Accordingly, the district court in J.P. analyzed whether the procedurally faulty grievance
at issue provided “fair notice” to the prison system. Id. at 825 (“Under Thomas, then, the
pivotal inquiry in assessing the adequacy of prisoner’s PLRA claim is whether prison
officials had ‘fair notice’ of that claim.”). Finding that the grievance did provide fair
notice, the court allowed the claims to proceed. Id. at 826.
Thomas, however, was explicitly abrogated by the Supreme Court in Woodford v.
Ngo, 548 U.S. 81, 87 (2006). See also Ellis v. Vadlamudi, 568 F. Supp. 2d 778 (E.D.
Mich. 2008) (noting Thomas’ abrogation). Woodford rejected the Sixth and Ninth
Circuits’ more relaxed “fair notice” approach to exhaustion. 548 U.S. at 87. Instead, the
Supreme Court required “proper exhaustion,” that is, exhaustion in compliance with all
administrative rules and procedures. Id. at 90-91,93. Even assuming, arguendo, that
juvenile status was important to the “fair notice” analysis before Woodford, that
consideration has no bearing on this court’s exhaustion analysis after Woodford. The
court, therefore, is not persuaded to deviate from the clear text of the PLRA, which
addresses juvenile and adult prisoners equally.
2. Whether Defendants Provided A Path For Exhausting Policy Complaints
Generally, to hold a prisoner to the exhaustion requirement, a prison must offer
some route to a grievance tribunal that has authority to take some responsive action.
Churner v. Booth, 532 U.S. 731, 736 n. 4 (2001). This is because the inmate has
15
nothing to exhaust if administrative authorities cannot act on the subject of the
complaint. Id. Thus, the Sixth Circuit has held that “[s]o long as the prison system has
an administrative process that will review a prisoner’s complaint . . . the prisoner must
exhaust his prison remedies.” Owens v. Keeling, 461 F.3d 763, 769 (6th Cir. 2006)
(quoting Wyatt v. Leonard, 193 F.3d 876, 878 (6th Cir. 1999)). On the other hand,
where a prison “has a flat rule declining jurisdiction,” exhaustion is not required. Id.
At issue is whether MDOC has such a rule declining jurisdiction that applies to
Plaintiffs’ claims. Plaintiffs make two arguments in the affirmative. First, they argue that
joint or class grievances are not permitted under PD03.02.130, citing Figel v. Bochard,
89 Fed. App’x 970, 971 (6th Cir. 2004). Pls.’ Opp. at 17. Figel concerned conduct that
occured in the early 2000s, when an earlier version of MDOC PD 03.02.130 was in
effect. That version of the Policy made non-grievable “[i]ssues which affect the entire
prisoner population or significant numbers of prisoners.” MDOC PD 03.02.130 ¶ F.4.

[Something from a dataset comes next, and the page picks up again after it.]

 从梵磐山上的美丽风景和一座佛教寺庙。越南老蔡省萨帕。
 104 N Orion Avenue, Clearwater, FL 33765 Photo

(eff. 11/01/00). Accordingly, in that case, the prison rejected a grievance concerning
heating and ventilation because it was a “group issue.” Figel, 89 F. App’x at 971.
Plaintiffs argue that their claims are also group or class issues and so cannot be
grieved. Pls.’ Opp. at 17.
The “group issue” ban, however, was removed from the next iteration of PD
03.01.130 (eff. 04/28/03) and is not in the version currently effective as of March 5,
2007. Today, issues affecting a large number of prisoners may be grieved by any
16
affected individual.1 Thus Figel is inapposite, and the court will reject this rationale for
excusing exhaustion.
Second, Plaintiffs argue that their claims fall within the rule provided in PD
03.02.130 ¶ F.1, such that this court should excuse Plaintiffs’ failure to exhaust. That
subsection states that “[a] grievant may not grieve the content of policy or procedure
except as it was specifically applied to the grievant.” Id. (emphasis in original).

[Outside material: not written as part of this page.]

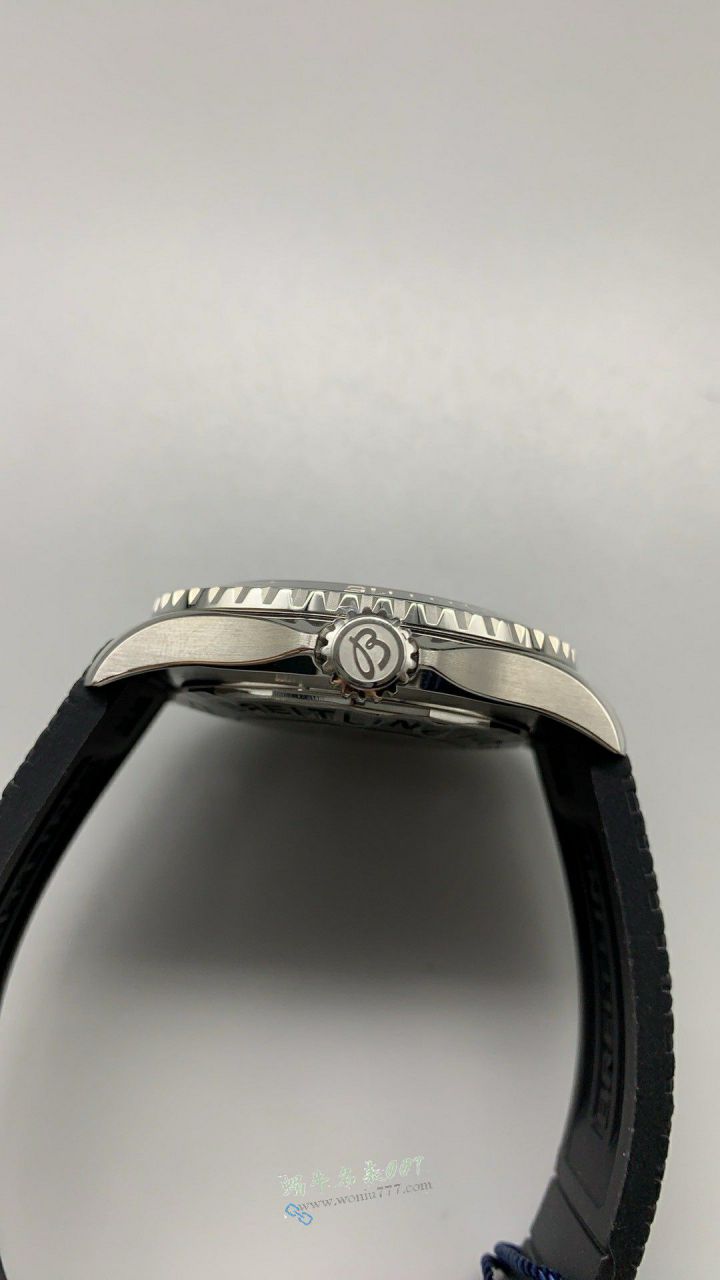 BLS Breitling Rainbow  super  ocean  series   imitation  watch websiteA17375211B2S1 watches  / BL211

Plaintiffs argue their claims fall within the rule because it is the official housing
policy and the official policy of “subjecting youth to solitary confinement, tasers and
other treatment inconsistent with their youthful status” that they challenge. Id.
Defendants, in turn, argue that Plaintiffs’ claims either arise out of specific applications
of policy to prisoners or are not related to the policy at all, so that they are all grievable.

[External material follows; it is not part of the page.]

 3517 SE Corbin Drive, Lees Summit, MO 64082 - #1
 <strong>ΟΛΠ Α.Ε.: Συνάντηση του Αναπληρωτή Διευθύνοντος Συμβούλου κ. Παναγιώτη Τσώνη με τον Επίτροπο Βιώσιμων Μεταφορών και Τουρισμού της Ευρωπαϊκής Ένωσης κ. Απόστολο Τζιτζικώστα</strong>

Defs.’ Reply at 8. Specifically, Youthful prisoners’ placement among adults and the
failure to separate youths and adults by sight and sound are both policies that were
“specifically applied” to the John Does, and thus can be grieved. Id. at 8-9. The other
claims concerning the use of segregation, cross gender searches and other
inappropriate staff conduct, failure to protect, and inadequate supervision are all claims,
Defendants argue, involving violations of policy, not policy content, and are thus
grievable. Id.
1
The current version of PD 03.02.130 (eff. 07/09/07) states that “[t]wo or more
prisoners and/or parolees may not jointly file a single grievance regarding an issue of
mutual impact or submit identical individual grievances regarding a given issue as an
organized protest.” This is not a rule declining jurisdiction over all issues affecting a
class of prisoners, instead, it is a procedural rule prohibiting class grievances.
17
In two cases, as Plaintiffs point out, judges of this district have considered the
same or similar MDOC bans on policy-based grievances and refused to dismiss or grant
summary judgment for failure to exhaust administrative remedies.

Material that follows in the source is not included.